The role of sleep in memory and learning has been documented in studies using a wide variety of topic areas. The areas used in these studies include the following: learning vocabulary, learning musical patterns and passages, learning motor skills, learning math facts, working through logic problems, and many more. Results appear to indicate that, shorter periods of sleep (40-to-90 minutes, often termed “cat naps” or “power naps”) can benefit more factual learning while longer periods of uninterrupted sleep produce a significant increase in performance on higher-level learning tasks and problem solving activities, when measuring performance before sleep with performance after sleep.
A second significant finding from current research indicates that when subjects are given information to learn right before going to sleep at night and told they will be asked to retrieve this information the next day, the brain seems to accomplish what’s termed the process of “differential consolidation,” resulting in more successful recall (Klemm 2011). Researchers discuss the brain’s apparent ability to focus and prioritize memory formation based on instructions given prior to sleep. Additionally, when two research groups (adequate overnight sleep and sleep-deprived) are compared in similar tasks, the ability to discriminate between information labeled as “important” and that stipulated as “not important” suffered the most. This finding would seem to have implications regarding the efficient functioning of our memory systems relative to how sleep influences our decision-making capabilities in everyday life.
Age | Sleep Needs |
Newborns (0–2 months) | 12 to 18 hours) |
Infants (3–11 months) | 14 to 15 hours |
Toddlers (1–3 years) | 12 to 14 hours |
Preschoolers (3–5 years) | 11 to 13 hours |
School-age children (5–10 years) | 10 to 11 hours |
Adolescents (10–17 years) | 8.5 to 9.25 hours |
Adults, including elderly | 7 to 9 hours |
(Source: National Sleep Foundation 2012)
Finally, then, we must ask the following question: “How much sleep is enough?” Sleep researchers have measured learning and memory across age groups to determine the average recommended sleep time periods, recognizing that there are individual differences. These findings are listed below, organized by age group.
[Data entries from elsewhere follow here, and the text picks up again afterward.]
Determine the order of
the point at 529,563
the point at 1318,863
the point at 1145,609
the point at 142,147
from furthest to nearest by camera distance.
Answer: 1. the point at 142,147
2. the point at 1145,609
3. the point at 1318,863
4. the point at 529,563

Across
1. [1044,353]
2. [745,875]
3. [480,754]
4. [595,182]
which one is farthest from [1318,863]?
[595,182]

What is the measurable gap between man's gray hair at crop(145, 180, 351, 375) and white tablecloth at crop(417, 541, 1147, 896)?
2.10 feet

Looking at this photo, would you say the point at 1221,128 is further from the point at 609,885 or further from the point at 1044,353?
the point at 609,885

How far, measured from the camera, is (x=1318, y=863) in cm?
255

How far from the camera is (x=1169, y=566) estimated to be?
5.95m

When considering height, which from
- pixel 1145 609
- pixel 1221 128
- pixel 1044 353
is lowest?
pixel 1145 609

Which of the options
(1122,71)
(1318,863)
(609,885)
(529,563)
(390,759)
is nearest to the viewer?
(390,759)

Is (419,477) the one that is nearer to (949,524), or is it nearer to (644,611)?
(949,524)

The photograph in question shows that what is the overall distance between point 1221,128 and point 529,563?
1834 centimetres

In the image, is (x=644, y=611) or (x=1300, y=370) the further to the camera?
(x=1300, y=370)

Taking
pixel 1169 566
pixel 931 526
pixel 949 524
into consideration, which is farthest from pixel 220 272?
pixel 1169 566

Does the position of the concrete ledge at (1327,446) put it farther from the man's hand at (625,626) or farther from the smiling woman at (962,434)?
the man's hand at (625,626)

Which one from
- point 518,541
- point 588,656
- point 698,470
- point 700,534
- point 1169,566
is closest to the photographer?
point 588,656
In case you are wondering, the term “uninterrupted sleep” usually refers to hours of sleep occurring in succession during which there are either no interruptions or interruptions are brief and the sleeper returns to sleep immediately. In other words, getting up for a drink or going to the bathroom usually qualifies. Waking up to work at your computer, answer text messages, etc., usually would not. For this reason, parents are encouraged to take charge (both figuratively and literally) of their children’s cell phones before bedtime to eliminate the temptation to “be on alert” all night for those all-important 2:00 a.m. text messages, as well as other forms of electronic social media related communications that may come in throughout the nighttime and interfere with their child’s getting a good night’s sleep.
The best acknowledgement of the critical relationship between sleep and our ability to develop efficient, high-performing memory systems may be simply to wish everyone, “Sweet Dreams!”